All lines from the one containing "Mengenal Serba Serbi" through the end of the material below are to be printed exactly, both ends included, minus pictures.

### RAW DATA ###

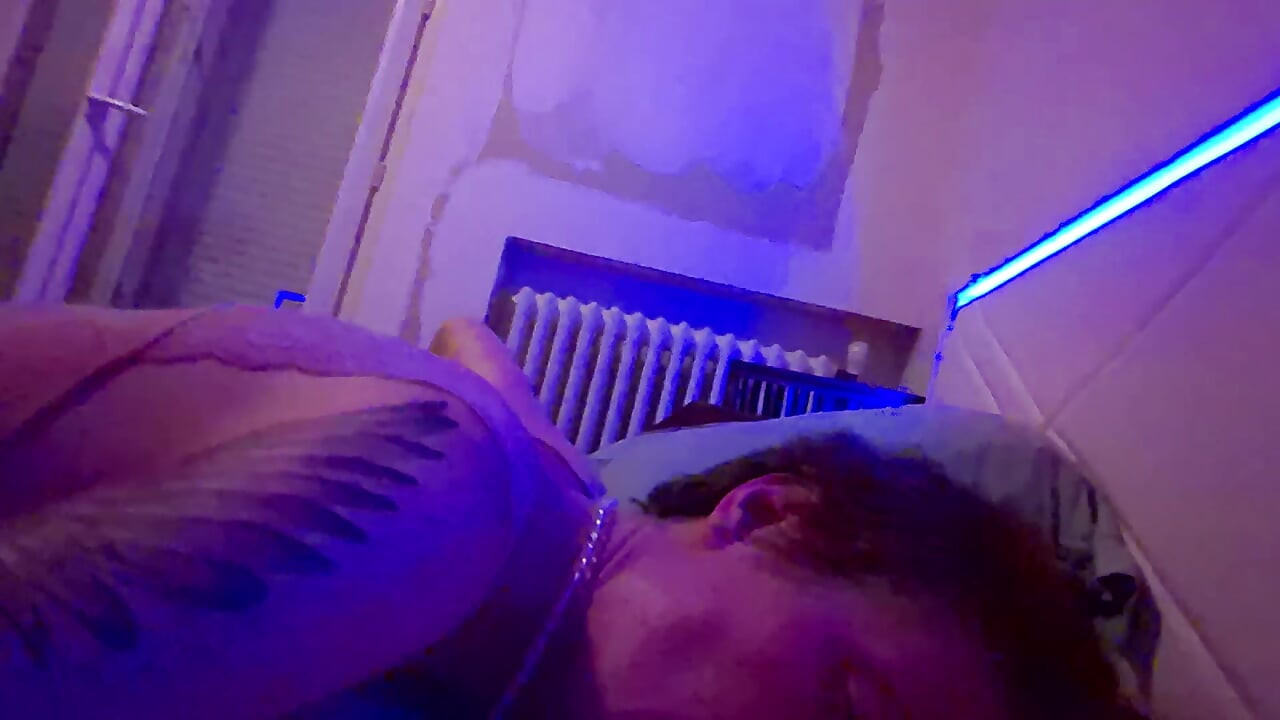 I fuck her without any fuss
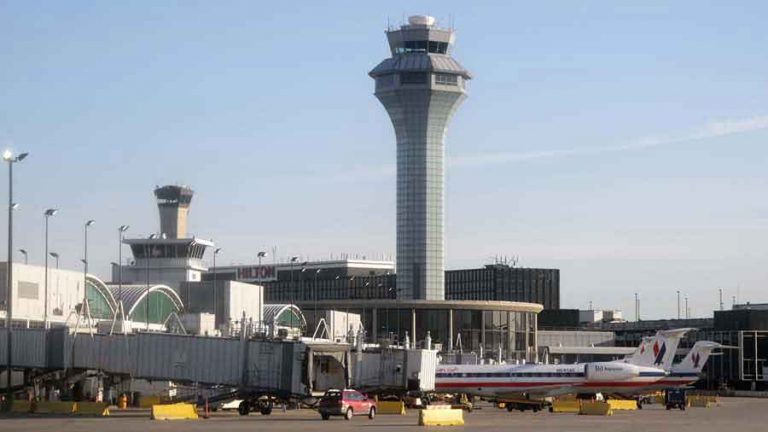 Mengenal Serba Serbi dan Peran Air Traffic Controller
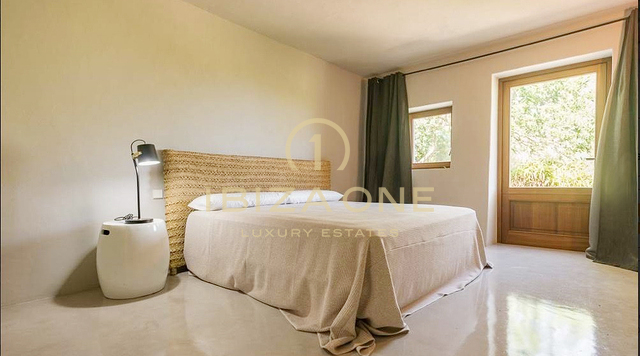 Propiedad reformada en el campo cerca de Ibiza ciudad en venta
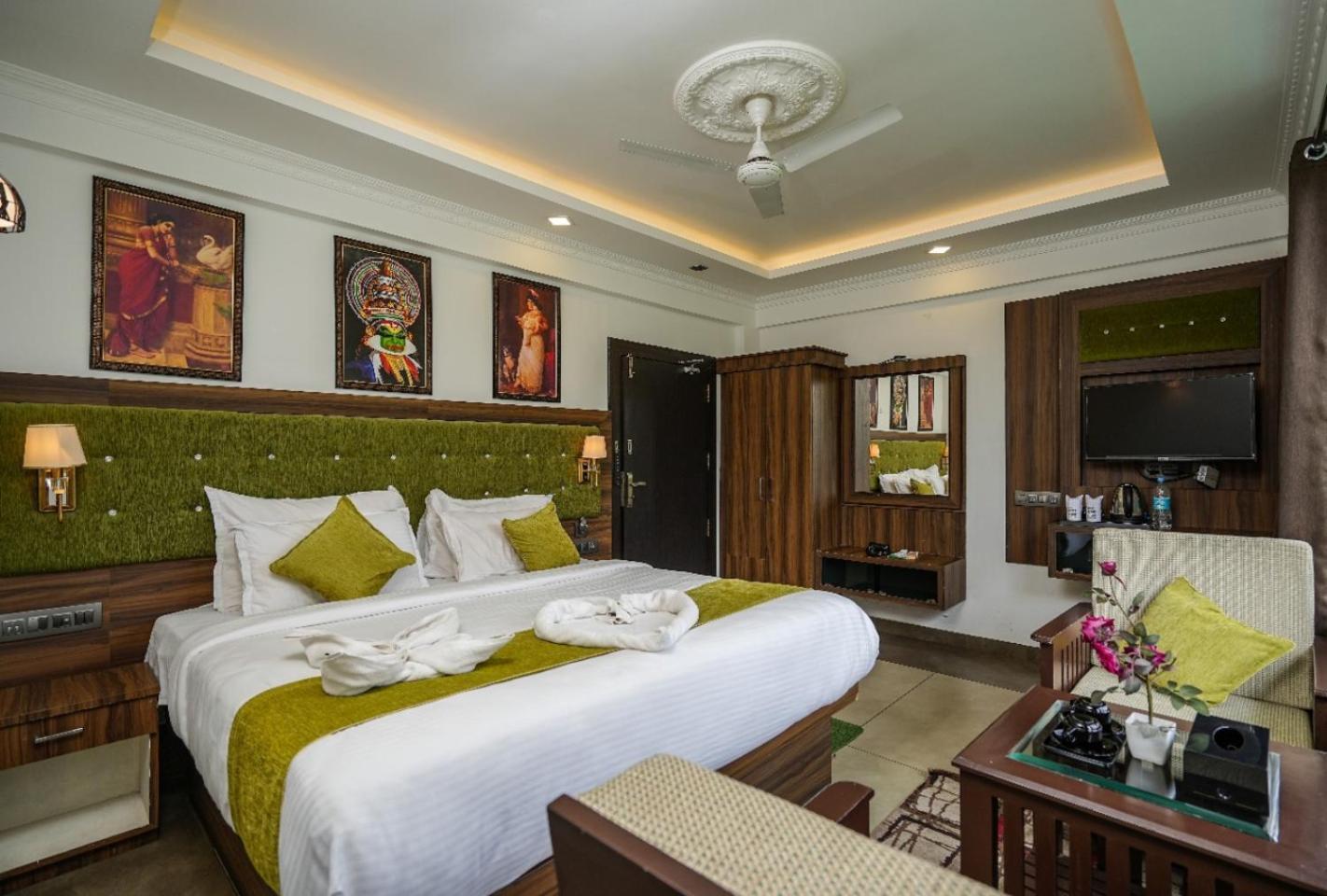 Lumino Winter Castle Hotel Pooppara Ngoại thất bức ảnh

###

* [EXERCISE ANSWER]
 Mengenal Serba Serbi dan Peran Air Traffic Controller
 Propiedad reformada en el campo cerca de Ibiza ciudad en venta
 Lumino Winter Castle Hotel Pooppara Ngoại thất bức ảnh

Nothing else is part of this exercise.